Are you sure you have the question posted correctly? I think the question should be to prove that integral equals arcsinhx

 

[Oblio]

lol my bad.
for convenience on here i didnt match letters to the actual letters, and when you said c i looked at the wrong one.

i figured it out though, when you directed me to the right one with your last comment.

cosh^2 = 1 + sinh^2

integral dx 1/sqrt[cosh^2
=integral dx 1/cosh..

now I know the integra of cosh is sinh, but do i have to do something funky since its a quotient?

 

[Oblio]

It seems wrong that I can say
the integral of 1/cosh is 1/sinh

 

[Oblio]

Are you sure you have the question posted correctly? I think the question should be to prove that integral equals arcsinhx

thats what i meant, sorry didnt notice that typo.
I should have it right in my last posts...

 

[learningphysics]

It seems wrong that I can say
the integral of 1/cosh is 1/sinh

you need to change the dx... if x = sinhz, what is dx?

 

[Oblio]

coshz..

 

[learningphysics]

coshz..

yes dx = coshz*dz.

so what do you get from the integral?

 

[Oblio]

do i just do the integral of each the numerator and denominator?

 

[Oblio]

either way i don't see how i won't just get 1/1 = 1...

 

[learningphysics]

either way i don't see how i won't just get 1/1 = 1...

Right... you get the integral of dz, which is just z. z = arcsinh(x), since x = sinh(z).

 

[Oblio]

Right... you get the integral of dz, which is just z. z = arcsinh(x), since x = sinh(z).
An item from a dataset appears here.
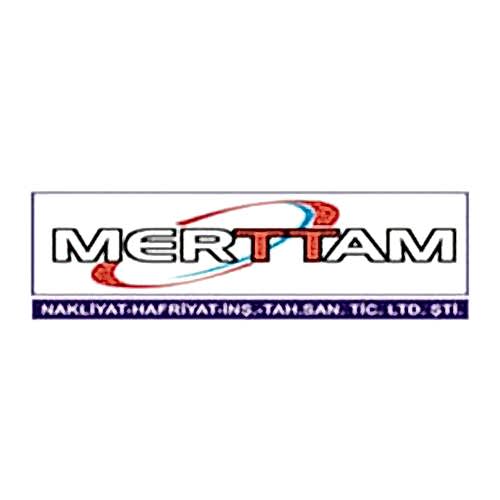 Merttam Hafriyat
I had accidentally switched some z's for x's... that's a bad thing. lol

I get it.
The only thing that seems odd now, is
WHY can one just say x=sinhz? Was that shown in the question somehow already that I'm not seeing?

 

[learningphysics]

I had accidentally switched some z's for x's... that's a bad thing. lol

I get it.
The only thing that seems odd now, is
WHY can one just say x=sinhz? Was that shown in the question somehow already that I'm not seeing?

I agree with you that it is odd the order we did it...
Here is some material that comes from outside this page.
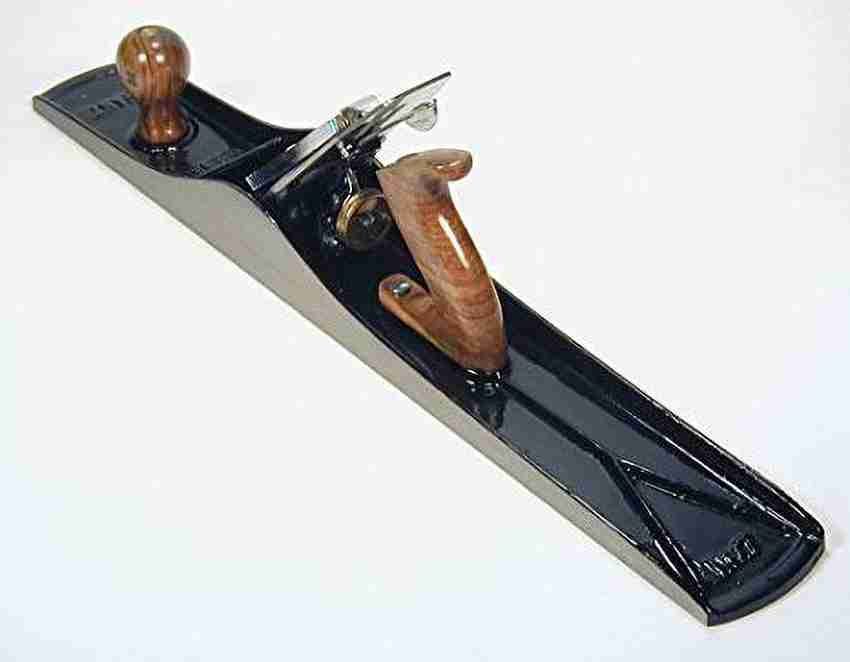 Anant adjustable sales iron jack plane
The better way to approach is to let z = arcsinh(x) (so we're introducing a new variable z... x is already given.)... and then from there saying x = sinh(z). I think that makes more sense.

 

[Oblio]

So, am I correct in thinking though, that this is only true SINCE x =sinhx.
I mean, they made it a 'Hint', but that definition of x is completely necessary to solve it, isn't it?

Without the hint, it couldn't be done?

 

[Oblio]

I guess I mean, it should written that the statement is true WHEN x =sinhz. (made a typo above i see)

 

[Oblio]

agree or am i missing something still? lol

 

[learningphysics]

So, am I correct in thinking though, that this is only true SINCE x =sinhx.
I mean, they made it a 'Hint', but that definition of x is completely necessary to solve it, isn't it?
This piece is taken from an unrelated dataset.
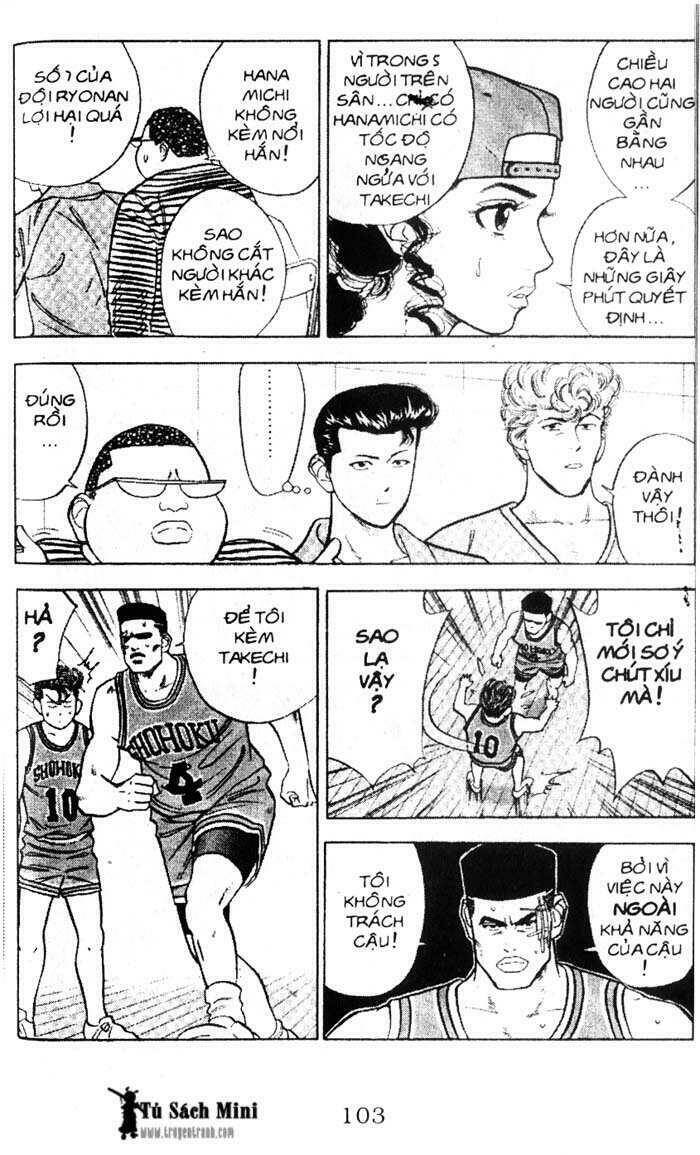 Cao Thủ Bóng Rổ Chapter 42 - Trang 2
Without the hint, it couldn't be done?

No, that definition wasn't necessary...

We need to define z = arcsinh(x). we're not defining x... x is already given... we define z = arcsinh(x), and then we get x = sinh(z). but this isn't a definition... just a relationship... z is the variable being defined.

given any variable... say u...

I can simply define v = arcsinh(u). now I have defined v not u... but u = sinh(v), because of the way v has been defined.

 

[learningphysics]

I guess I mean, it should written that the statement is true WHEN x =sinhz. (made a typo above i see)

z is defined in such a way that x = sinhz... in other words we create a variable z that is defined as arcsinh(x).

so z is being defined, not x.

 

[Oblio]

So, am I correct in thinking though, that this is only true SINCE x =sinhx.
I mean, they made it a 'Hint', but that definition of x is completely necessary to solve it, isn't it?

Without the hint, it couldn't be done?

Ok, switch x for z.
Was it necessary for the question to define z?

 

[learningphysics]

Ok, switch x for z.
Was it necessary for the question to define z?

The question didn't have to define it... the question suggested it as a hint to help you solve the problem...

Even if the question didn't define it... you could define a variable as arcsinh(x), to help you solve the problem.

The question is simply prove that arcsin(x) = integral(...)

The z = arcsinh(x) is only a hint to solve the problem... the question is complete even without that hint.